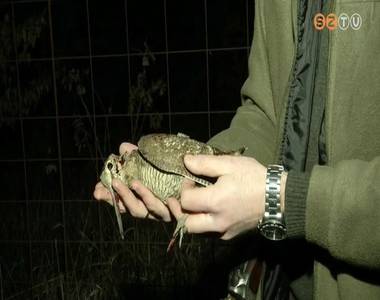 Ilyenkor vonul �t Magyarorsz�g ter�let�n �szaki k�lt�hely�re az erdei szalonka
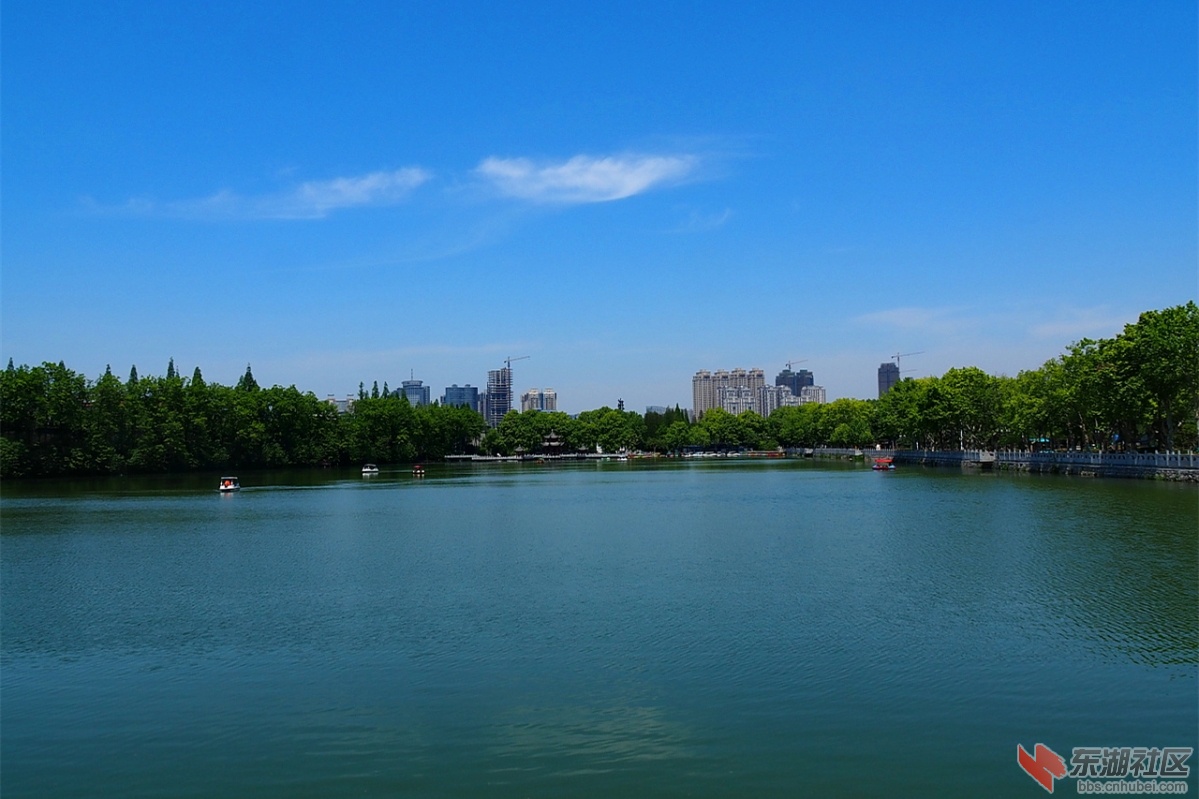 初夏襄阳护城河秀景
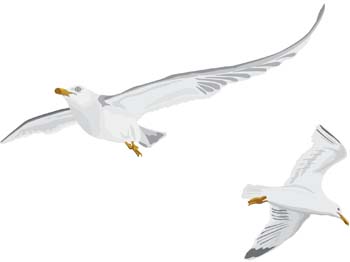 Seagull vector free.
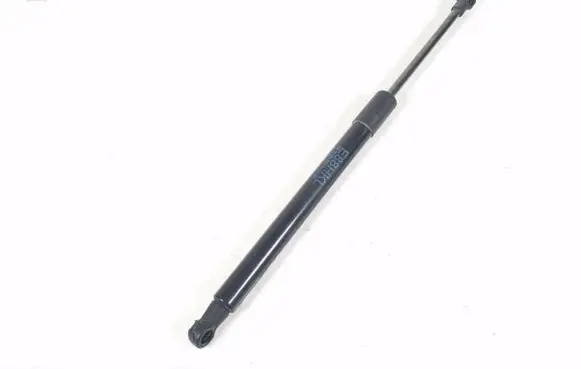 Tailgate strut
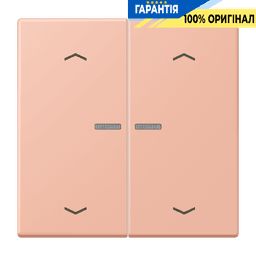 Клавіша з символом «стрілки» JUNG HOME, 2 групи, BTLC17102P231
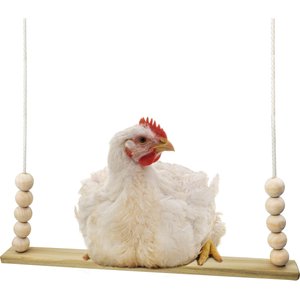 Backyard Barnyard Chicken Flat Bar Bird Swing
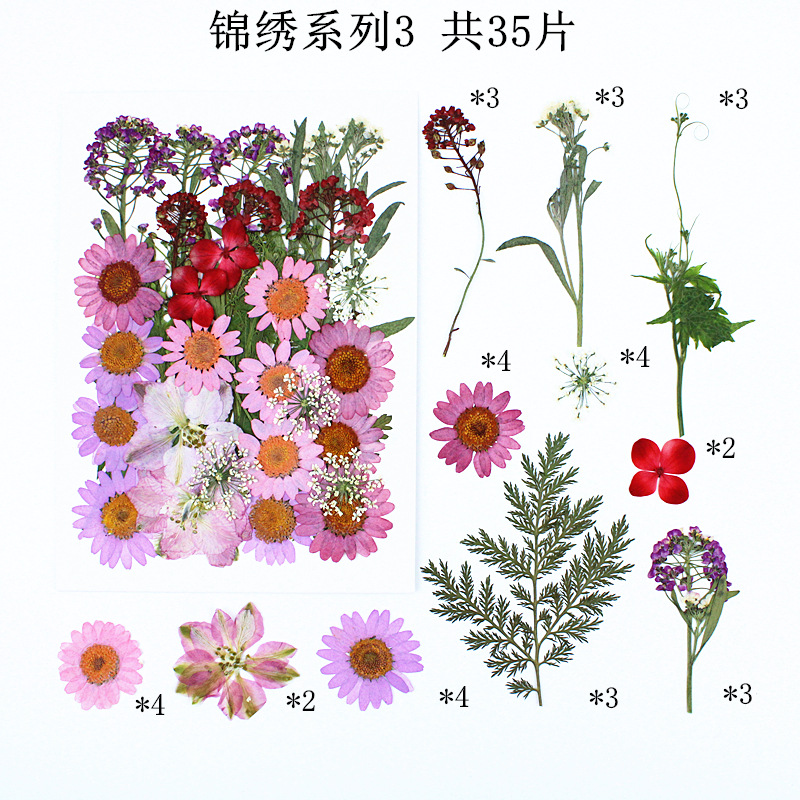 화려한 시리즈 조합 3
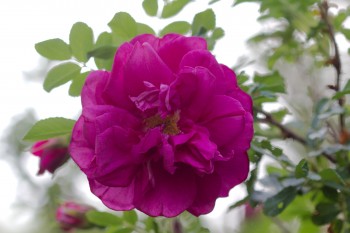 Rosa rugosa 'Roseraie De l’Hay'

########################################

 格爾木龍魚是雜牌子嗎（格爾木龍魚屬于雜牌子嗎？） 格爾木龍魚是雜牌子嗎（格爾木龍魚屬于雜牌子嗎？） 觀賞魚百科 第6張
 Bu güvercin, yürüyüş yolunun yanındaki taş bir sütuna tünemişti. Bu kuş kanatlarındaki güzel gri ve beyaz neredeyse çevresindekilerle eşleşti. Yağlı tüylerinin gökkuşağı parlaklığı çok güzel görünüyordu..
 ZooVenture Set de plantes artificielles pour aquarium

########################################

In the entries above, find the line with "Bu güvercin, yürüyüş" and the line with "ZooVenture Set de", then restate word for word both of them and every line between, with nothing more.

 Bu güvercin, yürüyüş yolunun yanındaki taş bir sütuna tünemişti. Bu kuş kanatlarındaki güzel gri ve beyaz neredeyse çevresindekilerle eşleşti. Yağlı tüylerinin gökkuşağı parlaklığı çok güzel görünüyordu..
 ZooVenture Set de plantes artificielles pour aquarium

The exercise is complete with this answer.